The only 'easy' cases are those for d = 1, for an elliptic curve with linear span the projective plane or projective 3-space. In the plane, every elliptic curve is given by a cubic curve. In P^{3}, an elliptic curve can be obtained as the intersection of two quadrics.

In general abelian varieties are not complete intersections. Computer algebra techniques are now able to have some impact on the direct handling of equations for small values of d > 1.

==Kummer surfaces==

The interest in nineteenth century geometry in the Kummer surface came in part from the way a quartic surface represented a quotient of an abelian variety with d = 2, by the group of order 2 of automorphisms generated by x → −x on the abelian variety.

==General case==

Mumford defined a theta group associated to an invertible sheaf L on an abelian variety A. This is a group of self-automorphisms of L, and is a finite analogue of the Heisenberg group. The primary results are on the action of the theta group on the global sections of L. When L is very ample, the linear representation can be described, by means of the structure of the theta group. In fact the theta group is abstractly a simple type of nilpotent group, a central extension of a group of torsion points on A, and the extension is known (it is in effect given by the Weil pairing). There is a uniqueness result for irreducible linear representations of the theta group with given central character, or in other words an analogue of the Stone–von Neumann theorem. (It is assumed for this that the characteristic of the field of coefficients doesn't divide the order of the theta group.)

Mumford showed how this abstract algebraic formulation could account for the classical theory of theta functions with theta characteristics, as being the case where the theta group was an extension of the two-torsion of A.

An innovation in this area is to use the Mukai–Fourier transform.

==The coordinate ring==
The goal of the theory is to prove results on the homogeneous coordinate ring of the embedded abelian variety A, that is, set in a projective space according to a very ample L and its global sections.

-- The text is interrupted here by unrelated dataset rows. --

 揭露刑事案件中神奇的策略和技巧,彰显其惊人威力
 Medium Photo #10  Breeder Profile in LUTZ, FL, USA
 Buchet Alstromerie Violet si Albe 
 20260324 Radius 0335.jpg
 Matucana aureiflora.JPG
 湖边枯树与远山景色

The graded commutative ring that is formed by the direct sum of the global sections of the

$L^n,$

meaning the n-fold tensor product of itself, is represented as the quotient ring of a polynomial algebra by a homogeneous ideal I. The graded parts of I have been the subject of intense study.

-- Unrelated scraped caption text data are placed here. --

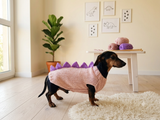 Cute Dinosaur Dog Jumper - Handmade Winter Apparel for Pets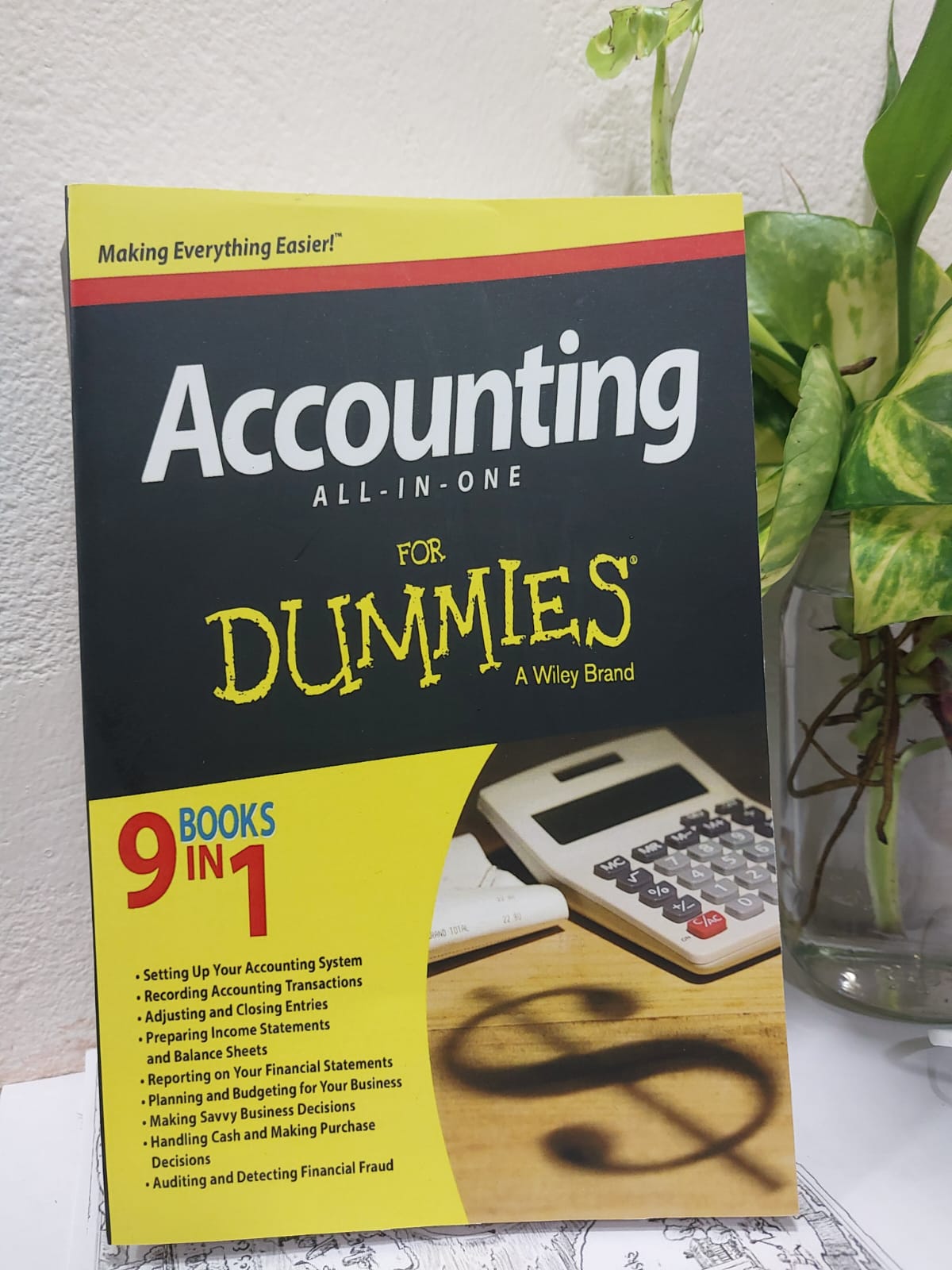 Picture of Accounting All-in-One For Dummies (For Dummies Series) by Kenneth W. Boyd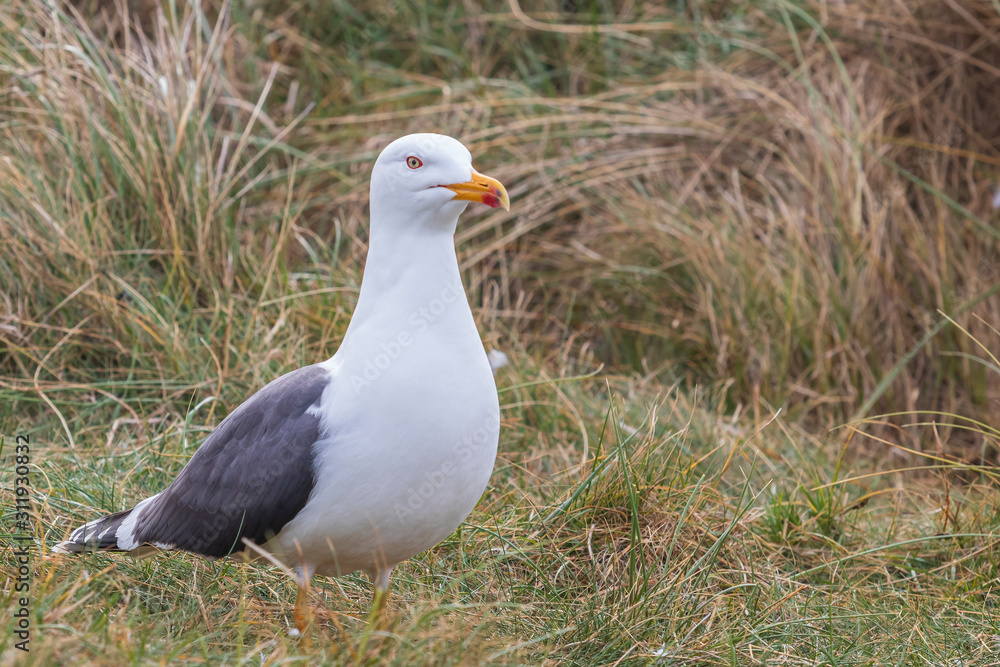 Larus marinus - Large nests of white seagulls on the North Sea coast. Wild photo on the island of Dune in Germany. Photo has nice background and bokeh. Larus marinus - Large nests of white seagulls on the North Sea coast. Wild photo on the island of Dune in Germany. Photo has nice background and bokeh.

Quadratic relations were provided by Bernhard Riemann. Koizumi's theorem states the third power of an ample line bundle is normally generated. The Mumford–Kempf theorem states that the fourth power of an ample line bundle is quadratically presented. For a base field of characteristic zero, Giuseppe Pareschi proved a result including these (as the cases p = 0, 1) which had been conjectured by Lazarsfeld: let L be an ample line bundle on an abelian variety A. If n ≥ p + 3, then the n-th tensor power of L satisfies condition N_{p}. Further results have been proved by Pareschi and Popa, including previous work in the field.